Here’s the page for the Sino-Tibetan language family:
As you can see, there are 14 different and mutually incomprehensible languages that are part of the Chinese branch of this family (and one of them isn’t even spoken in China). Roughly speaking, they are no closer than the languages of the Germanic branch of the Indo-European family (English, German, Dutch, Swedish, Norwegian, Danish, Yiddish, Afrikaans, Frisian, etc.). Each of these languages has its own dialects. As has been said before, Mandarin and Cantonese should properly not be called “dialects” of Chinese. They are languages, each with their own set of mutually comprehensible dialects.
Hey, on that note, in my Chinese class we have American cites, for example, let’s take Washington, transcribed into hanzi. In hanzi 华盛顿. Does anyone use this in China? Or would I just see it as “Washington?”
Yes, that’s how you would read “Washington” in a Chinese text. This is a general comment on learning languages, but the www is a terrific resource when it comes to checking actual usage.
Strictly IMO, I find that the most difficult thing when reading (or trying to read) Chinese is figuring out what transliterations actually refer to. Hua… sheng… dun… ?
Suppose two Chinese people meet somewhere else in the world. They don’t know each other. One speaks Cantonese, the other Mandarin. Do they “test the waters” by a standard phrase of some sort so they know if they will be able to converse in Chinese? Or would say the Cantonese speaker merely say a line and the Mandarin speaker be forced to say in English or whatever “sorry, but I speak Mandarin.”?
I see your point but if a Czech and a Frenchman meet say in Africa, they aren’t going to know each other’s nationality. Perhaps I’m wrong, but I thought that a Chinese person can instantly tell by the face whether another person is Chinese, Japanese, or Korean. I had a Japanese roommate in college that told me that he could tell. Another anecdote- a high school teacher of mine saw the movie Tora Tora Tora with a Japanese friend. His friend chuckled and said “what are all these Chinese people doing here?”
BobLibDem: Like Derleth said, an Italian and a Spaniard meet each other…
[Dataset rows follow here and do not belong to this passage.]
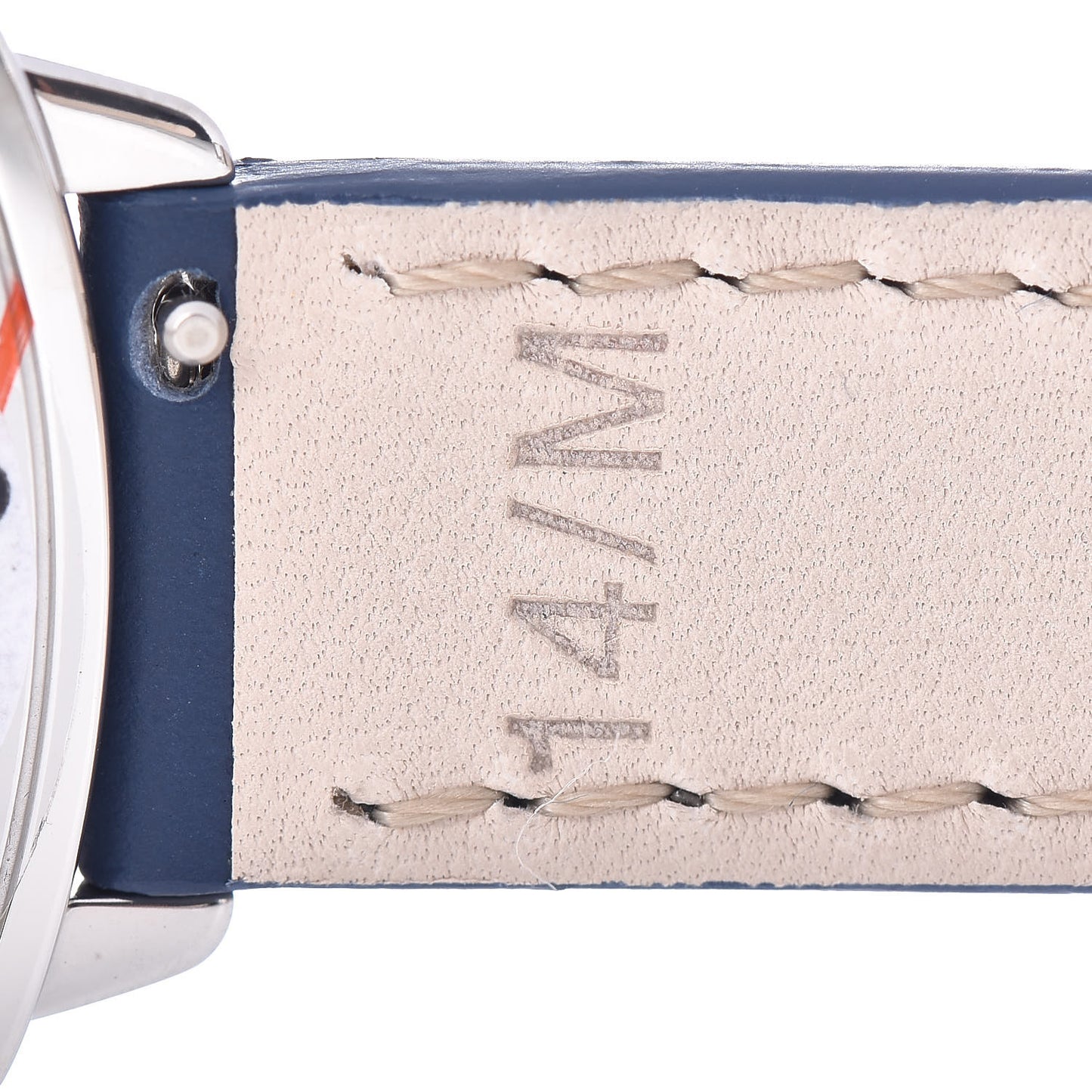 Stainless Steel Calfskin Diamond 27mm Albion Wrap Quartz Watch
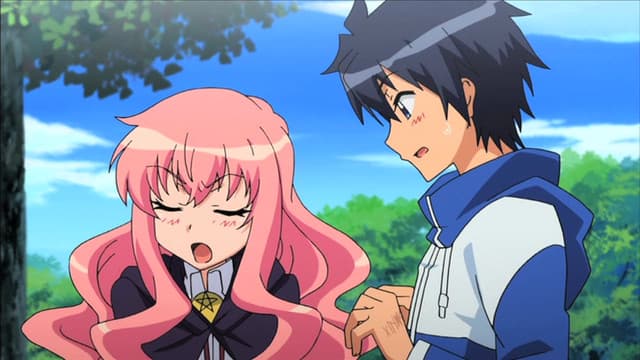 Zero no Tsukaima F, Trouble at the Outdoor Bath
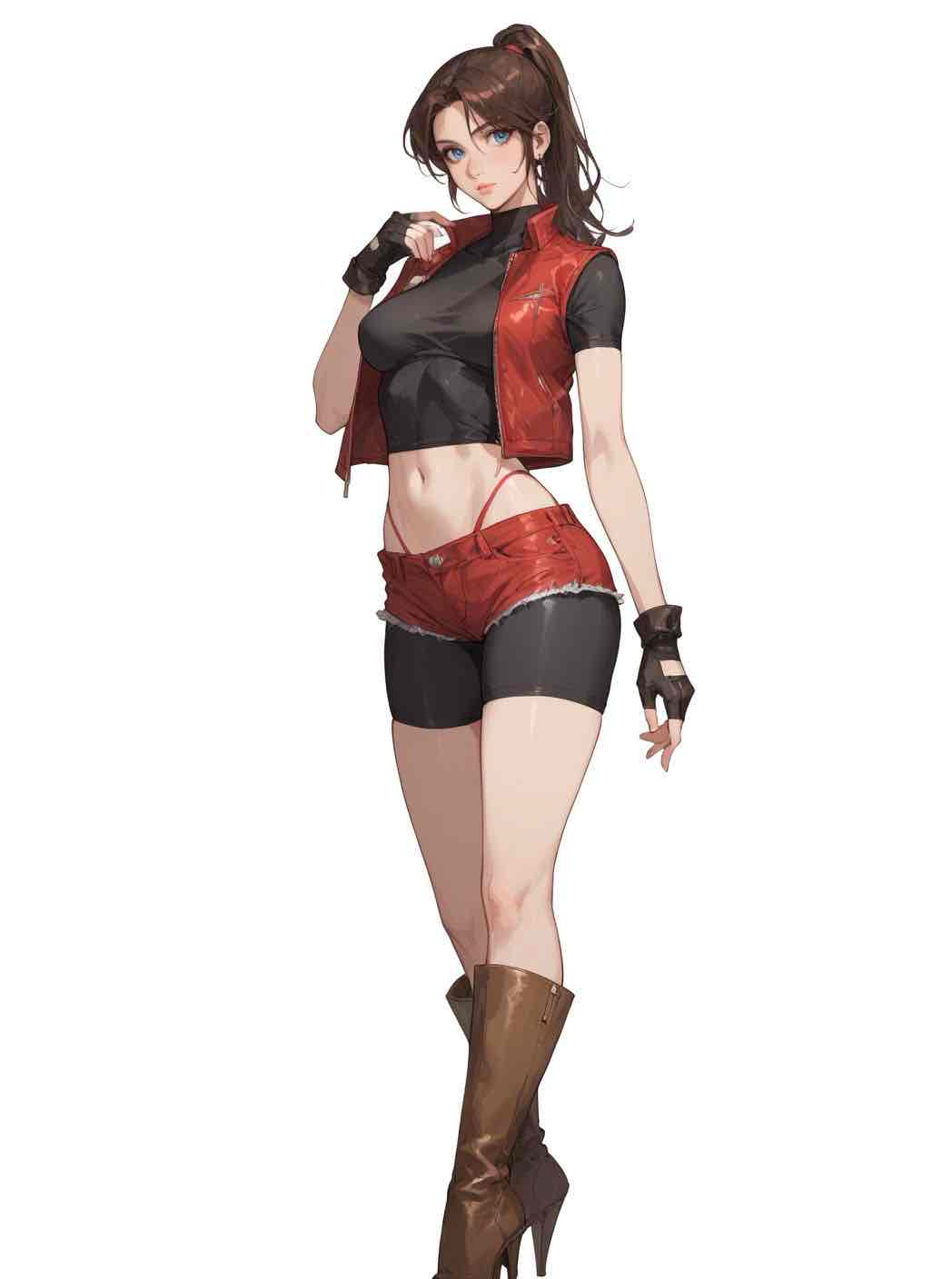 Tifa Lockhart Character Model free 3D printable STL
Derleth: Xie xie means “thanks”. There is a fairly recent (1913) phonetic system for writing Chinese that isn’t based on European alphabets: the Zhùyīn fúhào better known as Bopomofo. I don’t think it’s used much outside of Taiwan nowadays as Pin-Yin romanization is the official phonetic script in the mainland.
First of all, it’s not true that you can tell someone’s nationality by their faces. Your teacher’s friend was bullshiting. Tora! Tora! Tora! was shot by a joint American-Japenese team, and all the Japenese roles are played by Japanese actors directed by a Japanese director (Kinji Fukasaku). There are certain phenotypes that are definitely more common amongst certain populations but Chinese and Japanese and Koreans don’t look more different than French and Dutch and Germans. Furthermore, people underestimate just how multi-cultural China really is. In the countryside, outsiders (Chinese and foreigners alike) stick out like sore thumbs but in large cities you find people comming from all sorts of places. Take a look at this man. Does he look Chinese to you? (I’ll admit that’s a slightly extreme example, but you do run into people who look like that.
I was in the middle of France with China Wife sick and needing food (ironically she’s the French speaker and I’m not) and lost me trying to find some food. Saved when I say a Chinese restaurant. Go in and ask “do you speak Mandarin?” “Of course” was the reply although they were from HK. From my own experience and watching my Chinese wife, you just ask “do you speak Mandarin?”